Com um enredo forte articulando um dilema moral interessante para o protagonista, Wilder concebe um excelente trabalho de direção e escrita. Em meados da trama, Joe se apaixona por Betty Schaefer (Nancy Olson), uma jovem e entusiasmada avaliadora de roteiros que busca crescer dentro do cenário e, quem sabe, se tornar ela mesmo uma roteirista prestigiada. O contraponto criado pela personagem é instigante porque Joe encontra cada vez mais dificuldades de se encaixar e se estabelecer no sistema hollywoodiano que Betty tanto acredita. Ao mesmo tempo, ele tem uma vida dupla no palácio de Norma buscando aproveitar a oportunidade de resgatar a estrela do cinema mudo junto com a memória de um cinema que passou a ser visto e tratado como ultrapassado, superado e obsoleto.

O fato do protagonista se apaixonar pela jovem idealista que enxerga Hollywood como a terra das possibilidades é, minimamente, poético.

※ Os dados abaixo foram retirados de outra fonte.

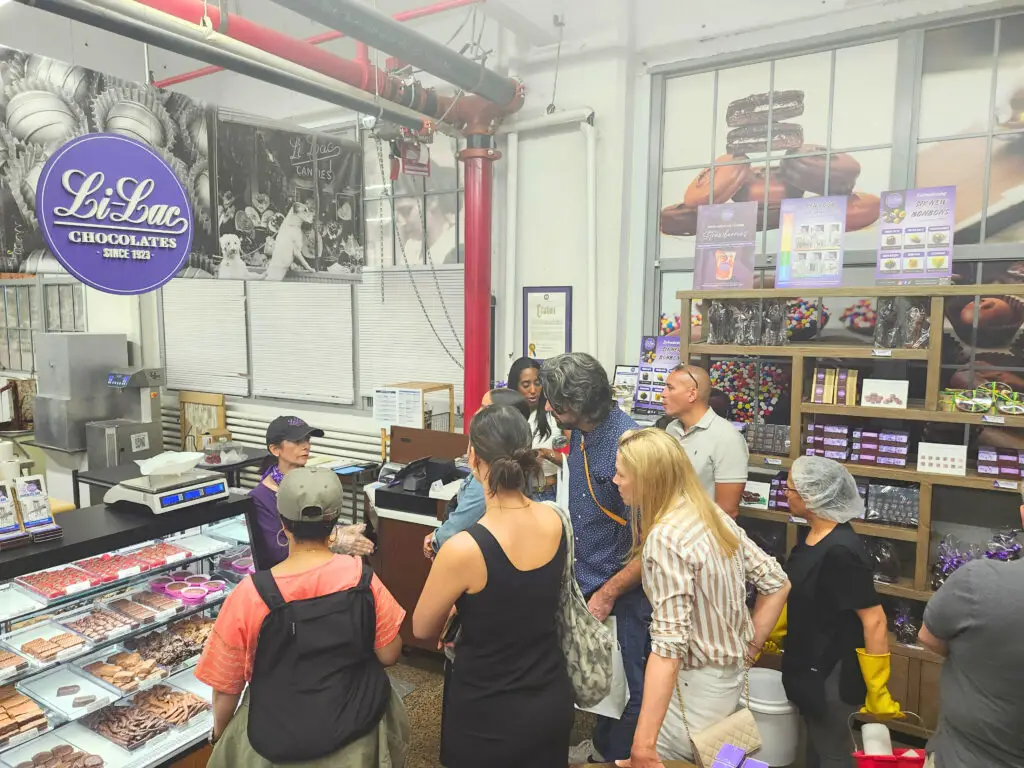 A group of people tour Li-Lac Chocolates at Industry City, Brooklyn.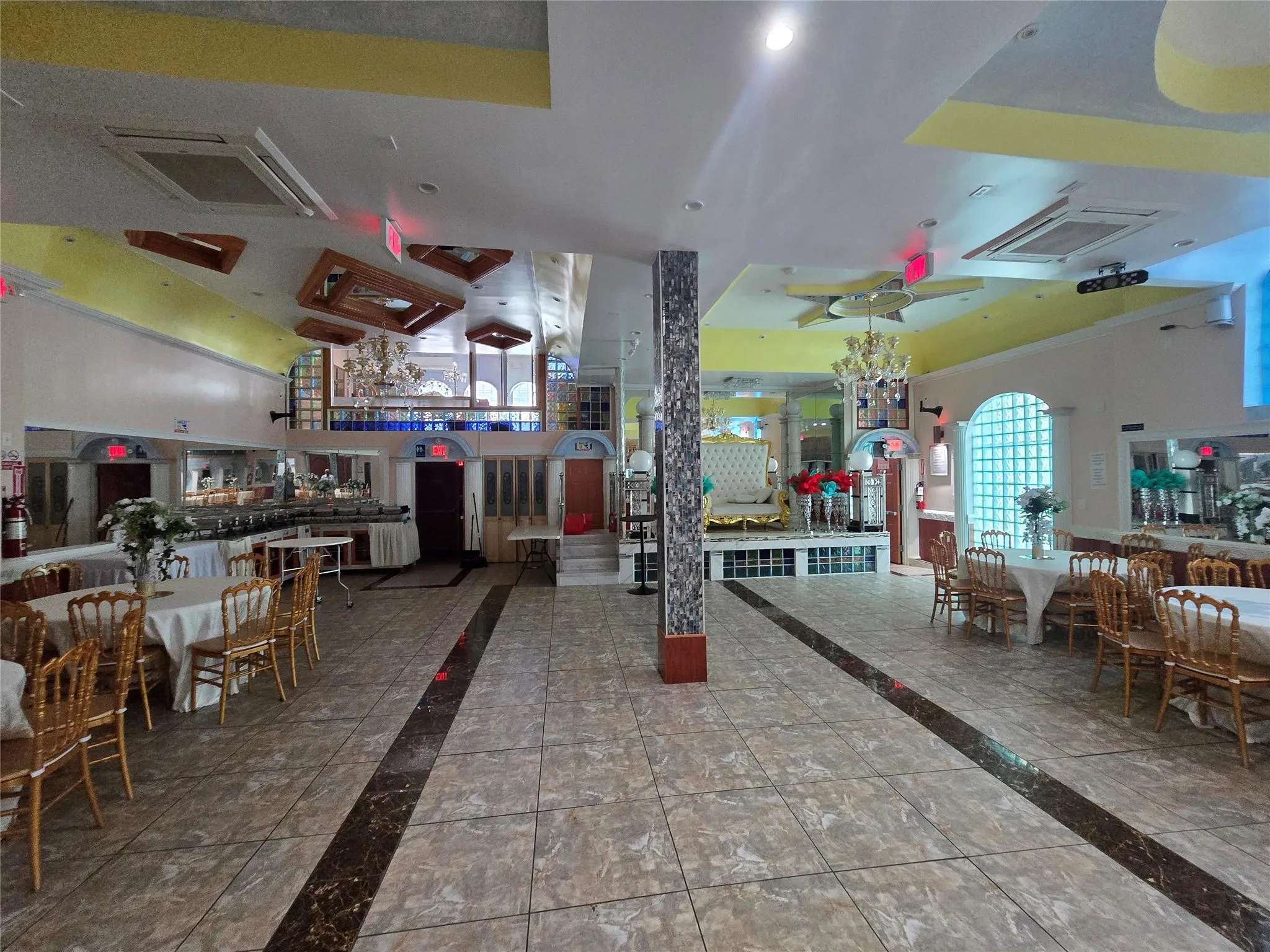 Building lobby featuring a towering ceiling and recessed lighting Building lobby featuring a towering ceiling and recessed lighting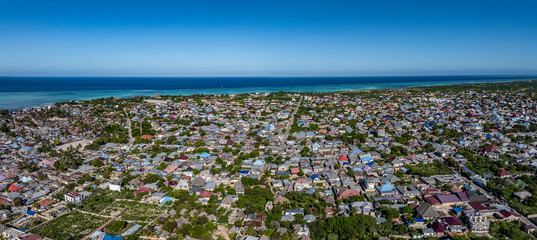 aerial view of Landscape of the northeast part of Nungwi,  a village  located in the far northern end of island of Zanzibar, with buildings, houses, infrastructure and turquoiseOcean in the background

Uma relação que diz também do desejo do próprio Joe em acreditar na ideia de um cenário em que ele ainda consegue ter sucesso – o que o leva a se afastar da imagem reluzente que ele, em dado momento, nutriu da diva isolada em sua própria fortaleza de loucura, melancolia e solidão.

Em dado momento de “Crepúsculo dos Deuses”, Joe e Norma assistem aos antigos filmes mudos que a atriz protagonizou

São estes os sentimentos que emanam da tela, pelo retrato cínico e poderoso de Wilder. Suas escolhas de enquadramentos e a forma como usa a profundidade de campo dão um sentido ainda maior ao que o roteiro sugere. Norma é uma estrela, um ser mitológico, uma figura levantada a um patamar divino e, se ela se sente e se enxerga como uma deusa, nada mais simbólico do que viver em um palácio que funciona como um santuário. O diretor capta os cenários imponentes e adornados para mostrar o luxo que a atriz ostenta e evidenciar tanto a possibilidade do sucesso, quanto o vazio dessas conquistas e o impacto da solidão na atriz.

O grande tema nessa conversa sobre fama e cultura das celebridades é, sobretudo, o próprio cinema. Wilder é claro, crítico e duro no retrato que faz em Crepúsculo dos Deuses e, talvez, o mais interessante deste discurso é o compromisso que tem com a metalinguagem. Já que o longa é, também, uma história de amor melancólica em relação à própria arte, o diretor opta por tecer essa narrativa dando espaço a figuras importantes do cinema mudo e que foram relegadas ao esquecimento.

A atuação de Gloria Swanson – prestigiada atriz de filmes mudos – é pautada na excentricidade da personalidade de Norma e, principalmente, na expressividade facial, no exagero, no comportamento por vezes performático que tanto marcou o tom das atuações dos filmes mudos. Swanson mais do que entende o que a personagem simboliza, ela mesma foi uma das figuras mais marcantes a estabelecer este padrão.

Dando mais peso à metalinguagem, Billy Wilder insere na trama Erich Von Stroheim – prolífico diretor que trabalhou com Swanson em diversos projetos – como o mordomo de Norma Desmond, e Cecil B. DeMille, icônico cineasta dos filmes mudos, interpretando a si mesmo. Estas figuras ilustres, gradativamente esquecidas quando o cinema sonoro caminhou em ritmo acelerado, potencializam as críticas de Wilder em uma dialética que trabalha o cinema como objeto de estudo e crítica de si mesmo.

Gloria Swanson e William Holden

Dessa história contada por um “narrador-fantasma”, que de tanto almejar o status de celebridade no efêmero mundo de Hollywood só alcançou a morte, temos como encerramento um dos planos mais bonitos já captados. Na busca pelo tão desejado close-up, fosse ele de Norma Desmond ou de Joe Gillis, o filme fecha com a turva imagem de uma alucinação. Se a atriz é retratada como um ser divino em seu santuário, nada mais coerente encerrar Crepúsculo dos Deuses como um devaneio crítico, melancólico e transcendental.